US-Russian Crew Launching to Space Station in Record Time

Expedition 35/36 Crew Members Clasp Hands
At the Gagarin Cosmonaut Training Center in Star City, Russia, Expedition 35/36 Flight Engineer Chris Cassidy (right), Soyuz Commander Pavel Vinogradov (center) and Flight Engineer Alexander Misurkin clasp hands for photographers prior to the start of qualification simulation runs in a Soyuz spacecraft mock-up on March 5, 2013. The three crew members are training for launch March 29, Kazakh time, to the International Space Station in their Soyuz TMA-08M spacecraft from the Baikonur Cosmodrome in Kazakhstan. (Image credit: NASA)

The next crew to launch toward the International Space Station will make the trip faster than any astronauts before them, thanks to a new docking plan being tested this month.

NASA astronaut Chris Cassidy and Russian cosmonauts Pavel Vinogradov and Alexander Misurkin are set to launch to the space station March 28 at 4:43 p.m. EDT (2043 GMT) aboard a Russian Soyuz capsule. While it normally takes Soyuz vehicles two days to reach the orbiting laboratory after launch, Cassidy, Vinogradov and Misurkin will make the trip in just six hours.
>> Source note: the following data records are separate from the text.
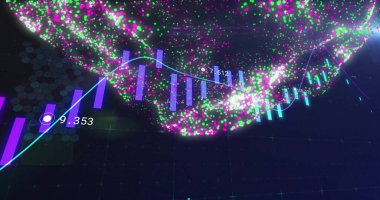 Siyah arka planda bağlantıları olan finansal veri işleme ve küre görüntüsü. Küresel finans, iş, bağlantılar, hesaplama ve veri işleme kavramı dijital olarak oluşturuldu.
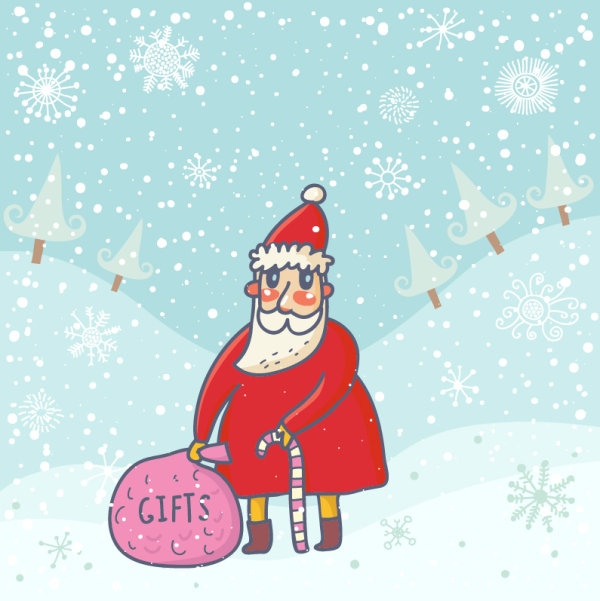 Cute Santa Claus cards design vector 04 santa cute Claus cards card   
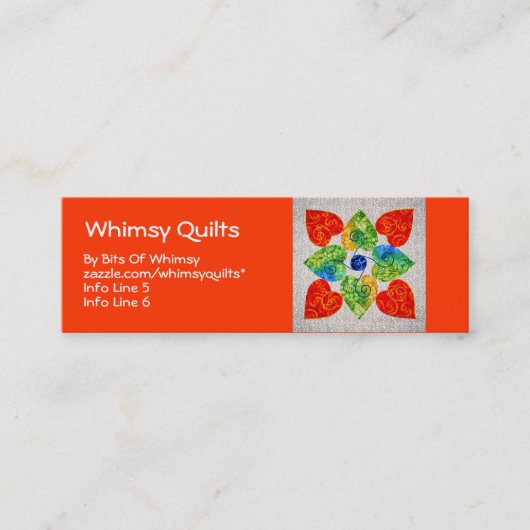 Whimsy Hearts Quilt - Blok #1 Mini Visitekaartje (Voorkant)
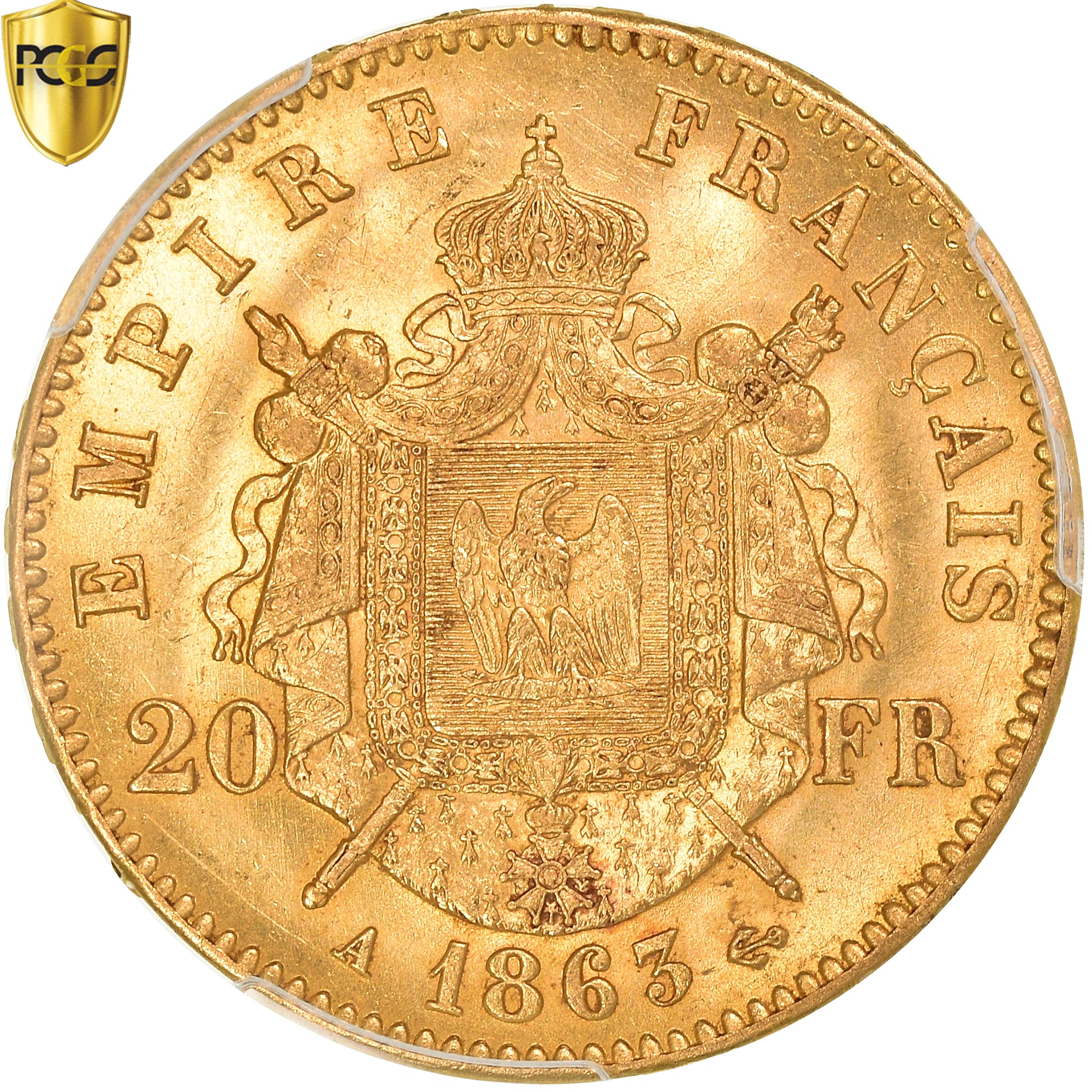 Monnaie, France, Napoleon III, 20 Francs, 1863, Paris, PCGS, MS61, SUP+, Or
"I think it's much more interesting when you fly faster," Vinogradov said during a press conference at the crew's Star City, Russia training site. "It's just like in a train," he added, saying he preferred to make quick train trips rather than spend many hours traveling.
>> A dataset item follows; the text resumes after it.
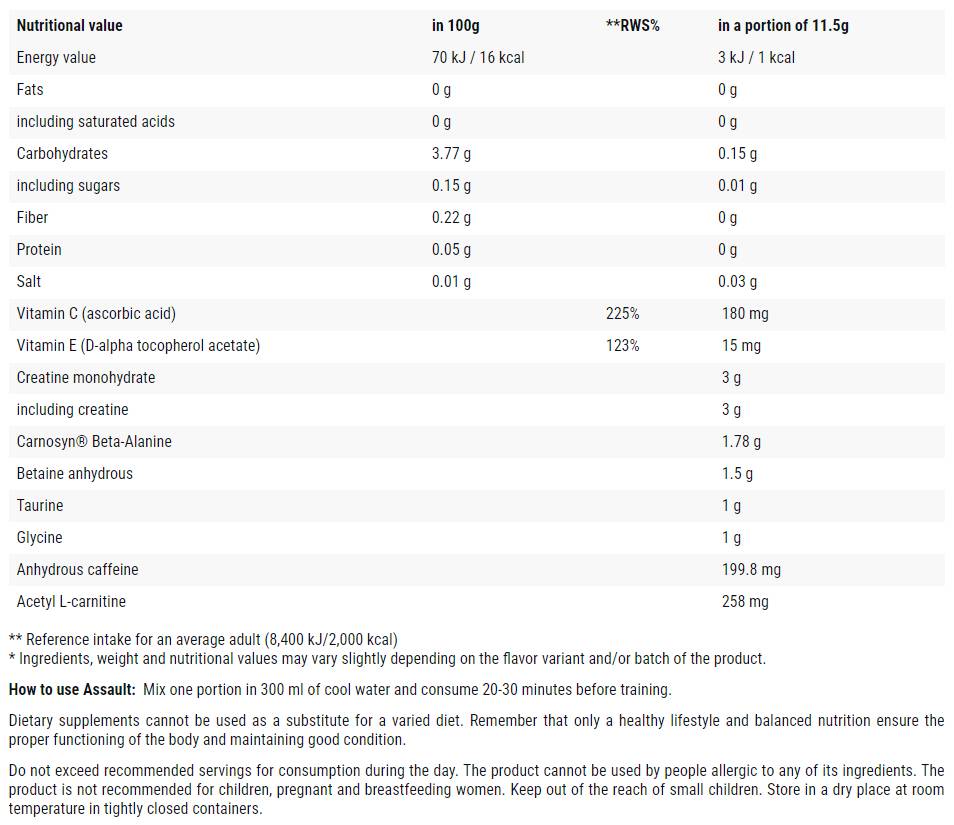 Assault Sport/Energy + Endurance - 345 gramm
Vinogradov and his crew are performing their final mission training for the Soyuz launch from the Central Asian spaceport of Baikonur Cosmodrome in Kazakhstan, where the local time will be March 29 at liftoff. The six-hour journey will include just four orbits of Earth, officials said.
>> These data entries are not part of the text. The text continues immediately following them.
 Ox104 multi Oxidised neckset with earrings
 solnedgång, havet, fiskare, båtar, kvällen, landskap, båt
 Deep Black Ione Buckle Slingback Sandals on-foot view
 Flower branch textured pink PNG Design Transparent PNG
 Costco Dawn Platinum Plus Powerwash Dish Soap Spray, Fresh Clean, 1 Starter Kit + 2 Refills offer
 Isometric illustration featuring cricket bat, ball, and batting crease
The new travel scheme has been previously successfully tested with unmanned Russian Progress cargo ships, but never before with manned spacecraft. Officials say the time has come to speed up travel to the space station because spacecraft have become more automated, so the strain on ground-based Mission Control teams isn't so great.

"Now we have onboard a new machinery and new software so the vehicle is more autonomous right now, so it is the possibility to do a lot onboard the vehicle and to calculate the burns so they are not consuming a lot of fuel," said veteran cosmonaut Sergei Krikalev, vice president of Russia's RSC Energia spaceflight company in charge of manned spaceflights.

The three new space station crewmembers will join an existing crew trio to complete the Expedition 35 crew aboard the International Space Station. When that mission changes over to Expedition 36 in May, Vinogradov will take over as commander of the station.

Cassidy and Vinogradov are veteran spaceflyers, but Misurkin will be making his first trip to orbit. The three will spend about six months in space, returning to Earth in September.

"I think it should be the most exciting trip in my life," Misurkin said.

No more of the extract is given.